How the Romans Raised Themselves to Empire

by Montesquieu Icon
4 minutes  • 706 words

Modern Europeans have very near the same arts, the same arms, the same discipline, and the same manner of making war.

The prodigious fortune attained by the Romans seems incredible to us.

Power back then was divided so disproportionably, that it is impossible for a petty state to raise itself by its own strength [16].

A European prince who has 1 million people cannot maintain more than 10,000 soldiers or 1:100 without destroying himself. Consequently, only large nations have armies.

But this was different with ancient commonwealths. Their proportion of citizens to soldiers was 1:8.

The founders of ancient commonwealths had made an equal distribution of the lands. This alone raised a nation to power by creating a well-regulated society.

This also strengthed its armies. It let everyone exert himself in defence of his country.

When laws were not executed in their full rigour, affairs returned back to the same point in which we now see them.

The avarice of some particular persons, and the lavish profuseness of others, occasioned the lands to become the property of a few.

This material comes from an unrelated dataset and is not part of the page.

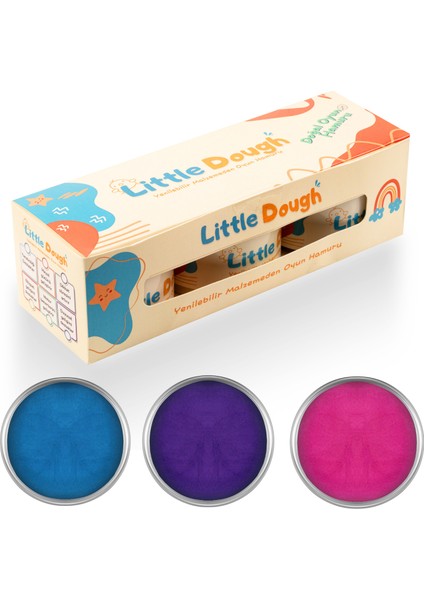 - 3'lü Doğal Oyun Hamuru - 3*150GRAM - Mavi, Mor, Pembe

Immediately, arts were introduced to supply the reciprocal wants of the rich and poor.

The revenues of the lands that had before supported soldiers and citizens were now bestowed wholly on slaves and artificers who fed the luxury of the new proprietors.

This reduced the numbers of soldiers or citizens.

Before the state’s corruption, its original revenues were divided among the soldiers, that is, the labourers.

After it was corrupted, they went first to the rich, who let them out to flaves and artificers, from whom they received by way of tribute a part for the maintenance of the soldiers.

It was impossible that people of this cast should be good soldiers, they being cowardly and abject; already corrupted by the luxury of cities, and often by the very art they professed; not to mention, that as they could not properly call any country their own, and reaped the fruits of their industry in every clime, they had very little either to lose or keep.

In the survey * of the people of Rome, some time after the expulsion of the kings, and in that taken by Demetrius Phalerous at Athens found the population nearly equal.

Rome had 440,000. Athens had 431,000. But the census at Rome was made when its establishment was come to maturity. That of Athens was done when it was quite corrupt.

The adult population at Rome was 1/4 of the total population. At Athens, it was a little less than 1/20. Rome’s strength, therefore, to that of Athens, was at these different times almost five times larger.

Agis and Cleomenes observed that instead of 30,000 citizens, (for so many were at Sparta in Lycurgus’s time) there were only 700. Scarce 100 of them had lands. All the rest were no more than a cowardly populace. They undertook to revive the laws enacted on this occasion. From that period Sparta [18] recovered its former power, and again became formidable to all the Greeks.

It was the equal distribution of lands that at first enabled Rome to soar above its humble condition. This the Romans were strongly sensible of in their corrupted state.

This commonwealth was confined to narrow bounds, when the Latins, having refused to succour them with the troops which had been * stipulated, ten legions were presently raised in the city only= scarce at this time, says Livy, Rome, whom the whole universe is not able to contain, could levy such a force, were an enemy to appear suddenly under its wall= a sure indication that we have not risen in power, and have only increased the luxury and wealth which incommode us.

Tell me, would Tiberius Gracchus say † to the nobles, which is the most valuable character, that of a citizen or of a perpetual slave; who is most useful, a soldier, or a man entirely unfit for war? will you, merely for the sake of enjoying a few more acres of land than the rest of the citizens, quite lay aside the hopes of conquering the rest of the world, or be exposed to see yourselves dispossessed by the enemy, of those very lands which you refuse us?